TASK REQUIREMENTS >>
Below is a listing; write it out exactly and drop any images from it.

DATASET SECTION >>
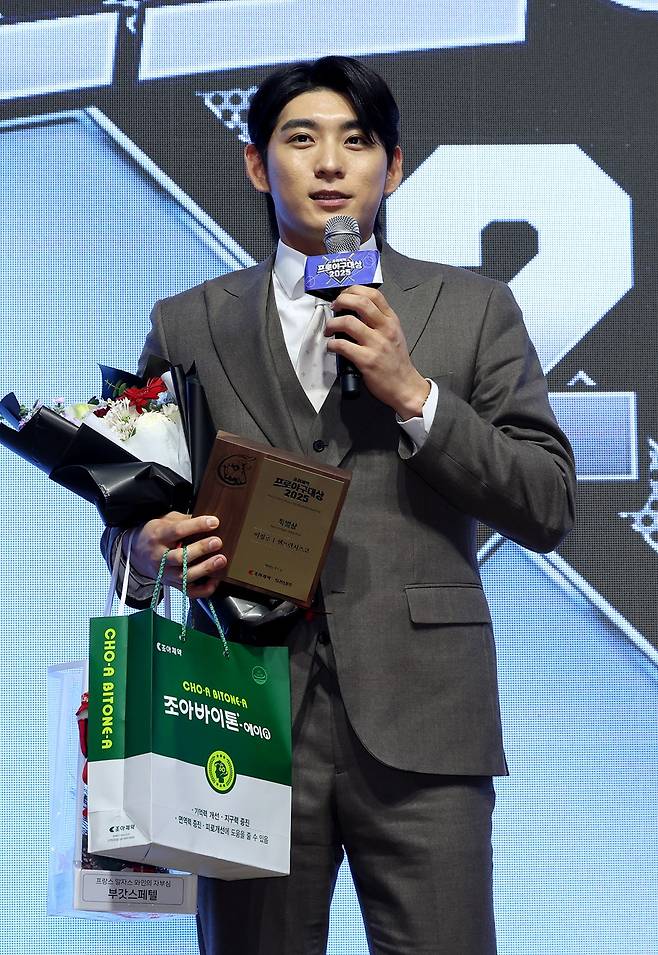 이정후가 2일 서울 강남구 역삼동 라움아트센터에서 열린 '조아제약 프로야구대상 2025'에서 특별상을 수상했다. 사진 일간스포츠 제공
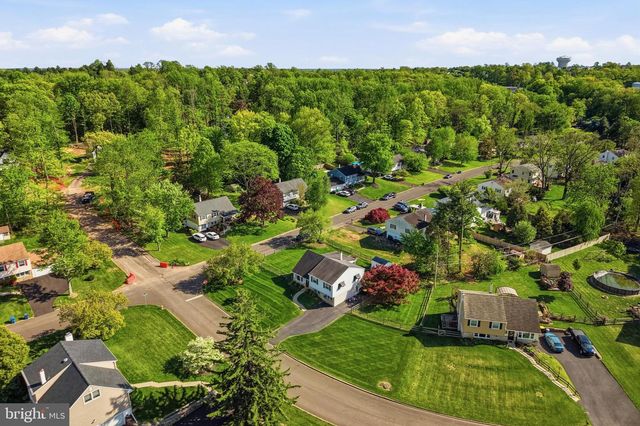 122 DOLLY LN, Chalfont, PA 18914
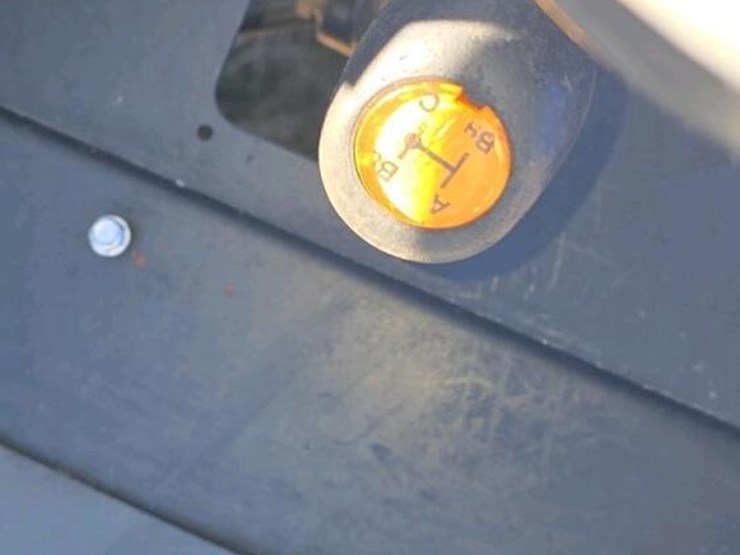 2007-new-holland-tn85a-image-23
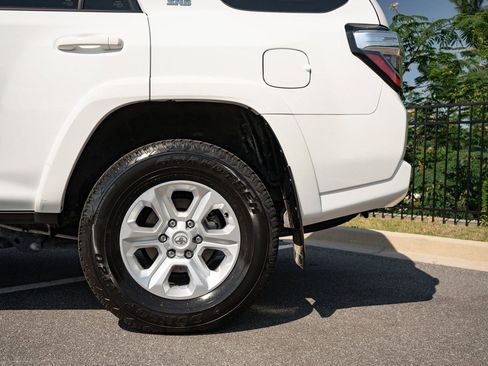 Used 2024 Toyota 4Runner SR5 image 6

EXERCISE ANSWER >>
 이정후가 2일 서울 강남구 역삼동 라움아트센터에서 열린 '조아제약 프로야구대상 2025'에서 특별상을 수상했다. 사진 일간스포츠 제공
 122 DOLLY LN, Chalfont, PA 18914
 2007-new-holland-tn85a-image-23
 Used 2024 Toyota 4Runner SR5 image 6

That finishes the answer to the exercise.